## EXERCISE DATA:
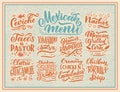 Mexican Menu lettering with traditional food names Guacamole, Enchilada, Tacos, Nachos and more. Vector vintage illustration. Back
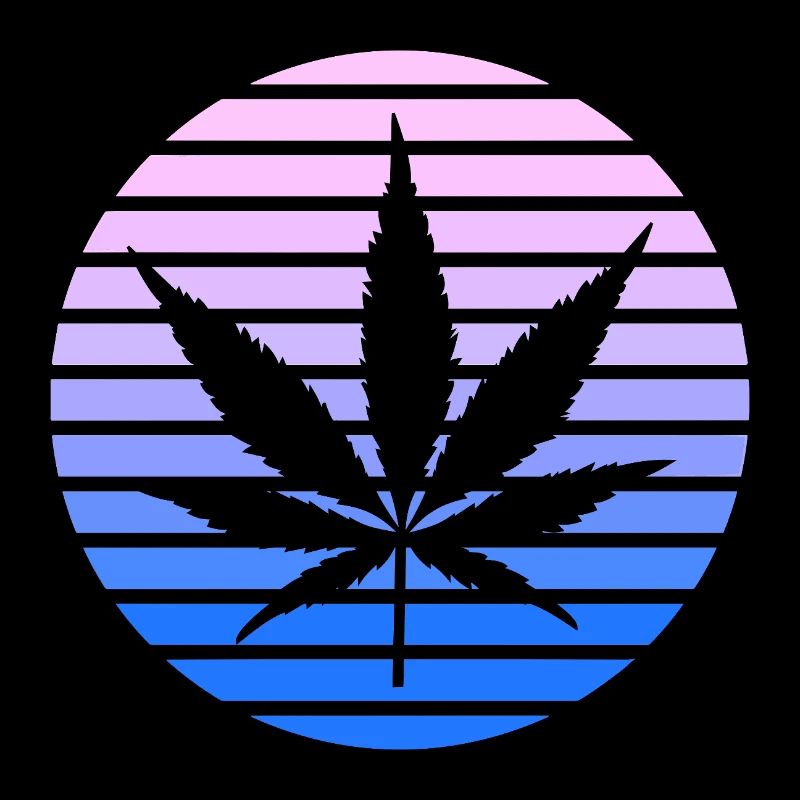 Cannabis Hemp Leaf Style Rétro Sunset Vintage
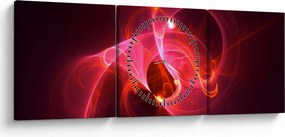 Tabloul modern cu abstacție roz (cu ceas) (90x30 cm)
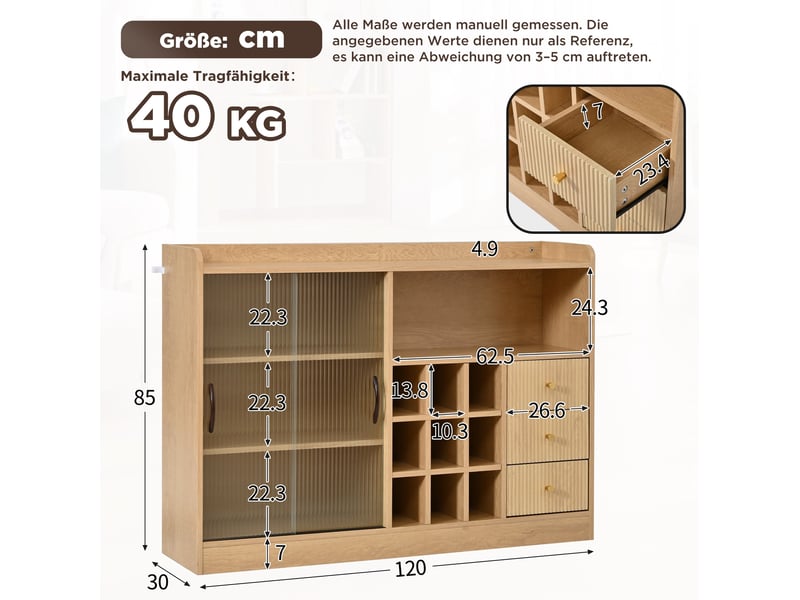 Buffet vintage avec 2 portes coulissantes, 3 tiroirs, casier à bouteilles et led pour salle à manger 120 × 30 × 85 cm  - Conforama C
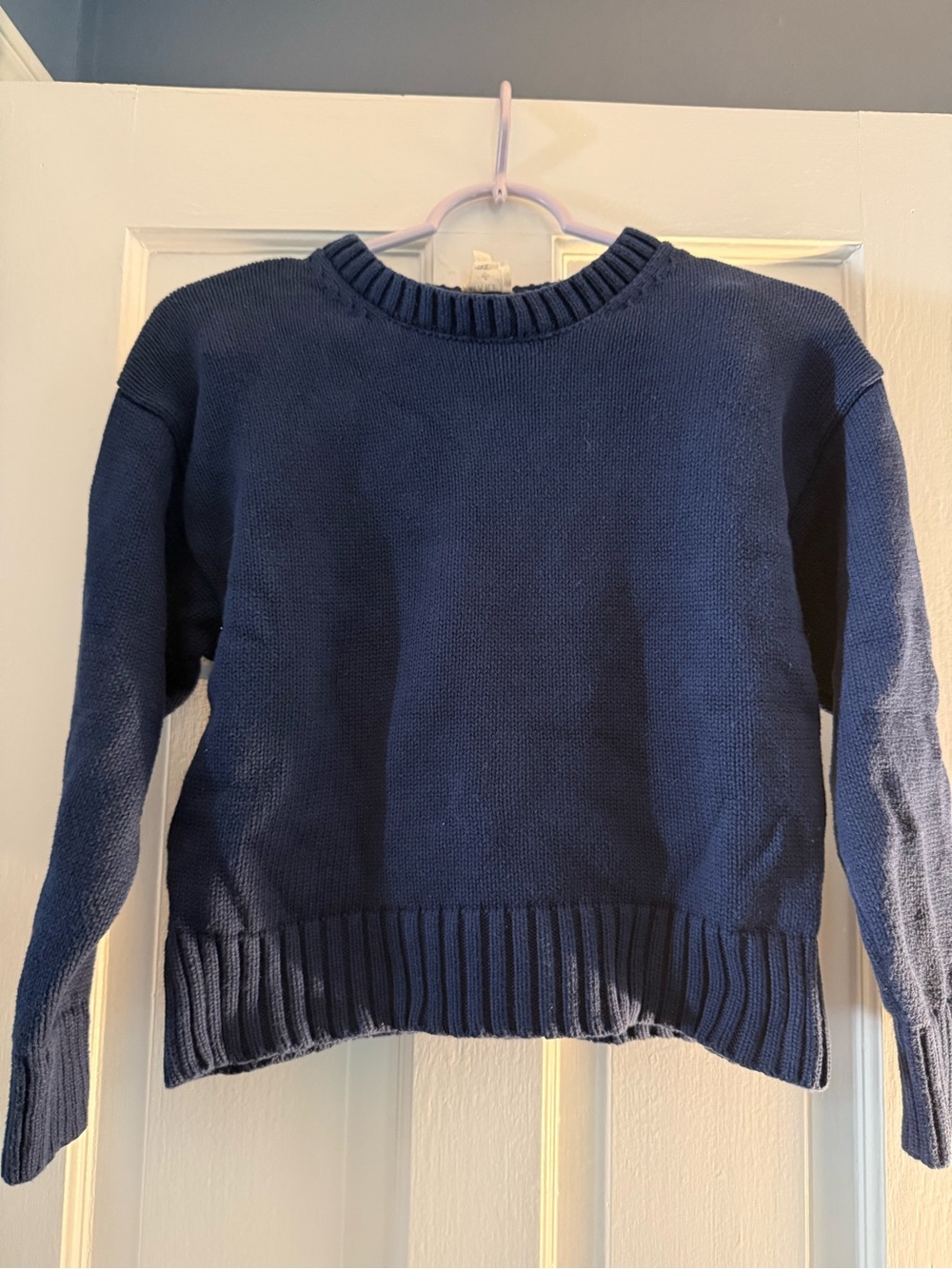 Classic Navy Crewneck Sweater - Women's Knit Pullover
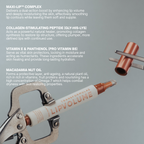 lip serum being held by surgical tools with the ingredients displayed and the benefits of these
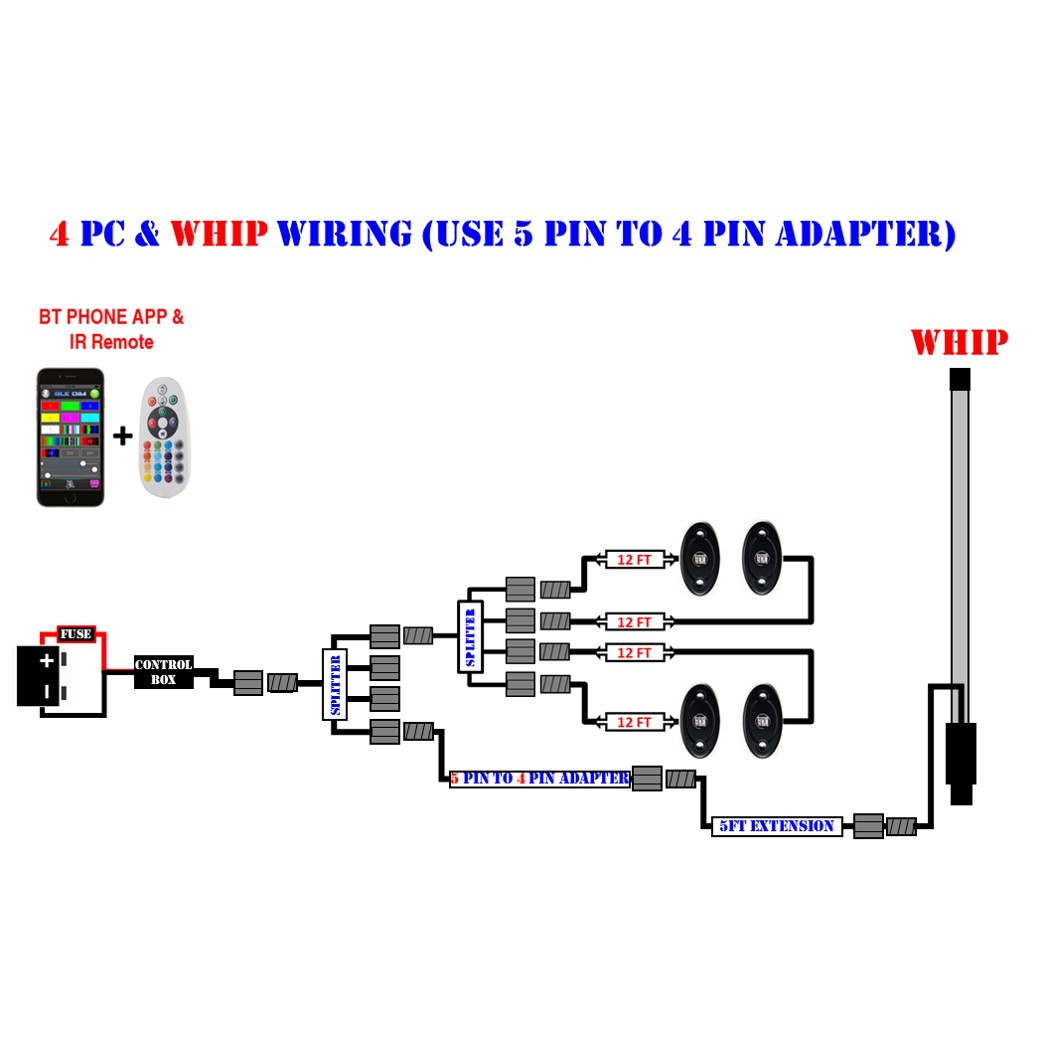 RGB+W Whips Compatible with Rock Lights - Image 15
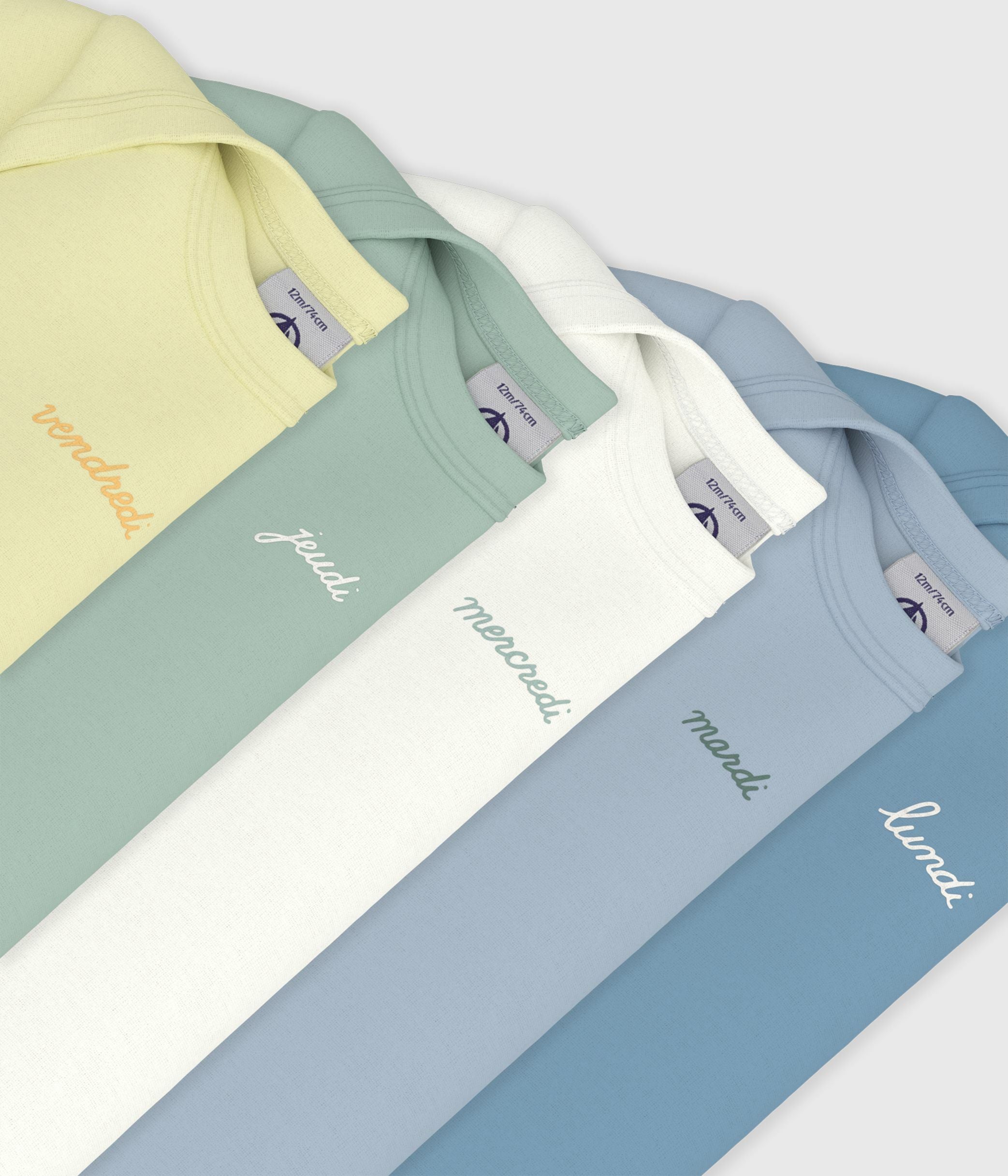 lot-de-5-bodies-manches-courtes-en-coton-uni-bébé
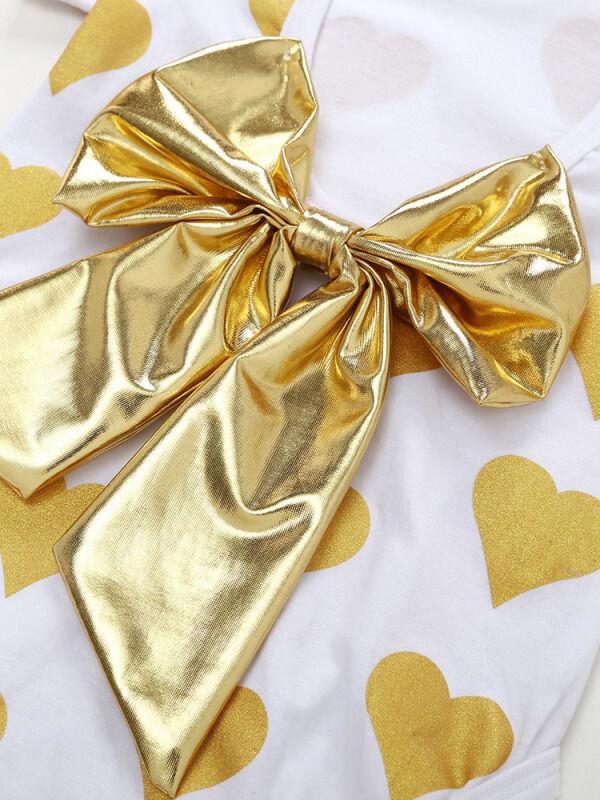 Hearts Pattern Printed Onesie Golden Bow Junpsuit for Babies - dianjiang-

## WHAT YOU HAVE TO DO:
Once you find the line that contains "Tabloul modern cu", reproduce it and every line after it through the end of the entries above, exactly as written, with no pictures.

## ANSWER TO THE EXERCISE:
 Tabloul modern cu abstacție roz (cu ceas) (90x30 cm)
 Buffet vintage avec 2 portes coulissantes, 3 tiroirs, casier à bouteilles et led pour salle à manger 120 × 30 × 85 cm  - Conforama C
 Classic Navy Crewneck Sweater - Women's Knit Pullover
 lip serum being held by surgical tools with the ingredients displayed and the benefits of these
 RGB+W Whips Compatible with Rock Lights - Image 15
 lot-de-5-bodies-manches-courtes-en-coton-uni-bébé
 Hearts Pattern Printed Onesie Golden Bow Junpsuit for Babies - dianjiang-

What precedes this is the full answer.